In our family, 3 of us have birthdays in school holidays. One August, one New Year's Day - all times you wouldn't get people to come to parties. So, we always held their friends parties at other times. We were really positive about how lucky they were to have 3 birthday celebrations each. We usually did something just house family on the day, and we had family over the nearest weekend, then we had a party their friends could come to at a time when it was likely that their friends could come. They loved it. Getting "3 birthdays" spread over a few weeks, rather than cramming it in to one week and being disappointed not many friends could come to their party.

neighboursmustliveon · 29/12/2024 07:11

YANBU. I have a niece whose birthday is Christmas Eve and her mum has never held a party on Christmas Eve. As a family we used to go for a meal to celebrate and birthday parties were held on 22nd or 23rd.

To have a 4 hour party as well is really selfish. If she must have a party on the day then 10.30-12.30 is enough as it still leaves you time to run errands. I wouldn’t be going no matter how close my child was as we have far too much to do on Christmas Eve as well as our own family traditions to enjoy.

Loopylu60 · 29/12/2024 10:37

ShabbaRAnkzz · 23/12/2024 20:33

Her birthday is on Christmas Eve but they could have had it Sat / Sun.
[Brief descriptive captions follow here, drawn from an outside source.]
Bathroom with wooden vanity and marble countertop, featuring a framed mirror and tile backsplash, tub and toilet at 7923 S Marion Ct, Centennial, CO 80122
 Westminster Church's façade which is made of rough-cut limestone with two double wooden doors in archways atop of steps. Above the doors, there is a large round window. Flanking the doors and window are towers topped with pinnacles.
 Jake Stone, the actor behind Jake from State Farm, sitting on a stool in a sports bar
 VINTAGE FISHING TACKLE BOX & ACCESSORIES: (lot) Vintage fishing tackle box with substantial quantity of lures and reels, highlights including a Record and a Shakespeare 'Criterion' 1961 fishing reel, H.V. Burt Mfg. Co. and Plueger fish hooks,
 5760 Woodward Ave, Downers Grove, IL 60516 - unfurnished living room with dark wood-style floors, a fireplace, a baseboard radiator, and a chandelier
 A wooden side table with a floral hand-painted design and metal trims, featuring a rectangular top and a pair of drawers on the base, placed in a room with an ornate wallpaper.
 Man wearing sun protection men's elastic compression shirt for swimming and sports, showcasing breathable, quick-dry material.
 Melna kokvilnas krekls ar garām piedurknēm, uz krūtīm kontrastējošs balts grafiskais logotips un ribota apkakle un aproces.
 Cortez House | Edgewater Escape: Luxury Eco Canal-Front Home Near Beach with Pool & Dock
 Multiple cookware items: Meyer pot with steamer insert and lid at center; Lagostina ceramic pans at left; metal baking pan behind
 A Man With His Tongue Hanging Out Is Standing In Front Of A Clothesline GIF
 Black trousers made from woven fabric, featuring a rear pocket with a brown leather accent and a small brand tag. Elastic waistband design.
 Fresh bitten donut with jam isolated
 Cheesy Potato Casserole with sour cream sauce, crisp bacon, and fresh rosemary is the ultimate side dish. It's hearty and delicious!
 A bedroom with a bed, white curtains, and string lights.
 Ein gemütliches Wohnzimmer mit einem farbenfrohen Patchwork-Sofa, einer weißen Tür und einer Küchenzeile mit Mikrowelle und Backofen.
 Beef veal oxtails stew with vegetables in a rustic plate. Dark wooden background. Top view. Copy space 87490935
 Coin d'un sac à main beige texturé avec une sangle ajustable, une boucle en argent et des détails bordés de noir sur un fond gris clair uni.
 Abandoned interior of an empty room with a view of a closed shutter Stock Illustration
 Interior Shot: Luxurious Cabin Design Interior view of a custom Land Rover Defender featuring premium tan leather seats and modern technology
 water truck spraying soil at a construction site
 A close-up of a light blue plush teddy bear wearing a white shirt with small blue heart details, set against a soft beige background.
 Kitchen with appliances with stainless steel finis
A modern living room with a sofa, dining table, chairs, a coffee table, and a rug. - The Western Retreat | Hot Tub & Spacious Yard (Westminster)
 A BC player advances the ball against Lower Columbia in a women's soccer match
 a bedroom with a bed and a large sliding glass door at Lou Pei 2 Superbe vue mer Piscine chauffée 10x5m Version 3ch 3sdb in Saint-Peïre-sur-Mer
Most kid's birthday fall on a school day and they have the party on a Saturday or Sunday

Edited

But I’d have thought it’s usual for a child’s party to be on the day regardless of day of the week, if it falls in the school holidays

HappyHen17 · 29/12/2024 16:26

My son’s birthday is 22/12, we had his party early in December and then treated him to activities on his birthday as a family. Saves any of these kind of reactions and cancellations that would break his heart. It’s such a busy time of year and really hard to ensure that a young child feels like their day is celebrated like their friends born earlier in the year ❤️

PeachyPeachTrees · 29/12/2024 17:02

If my DC had a birthday on Xmas eve, I would have planned it for the weekend before. More friends would come which is better. Then do something else special on the day.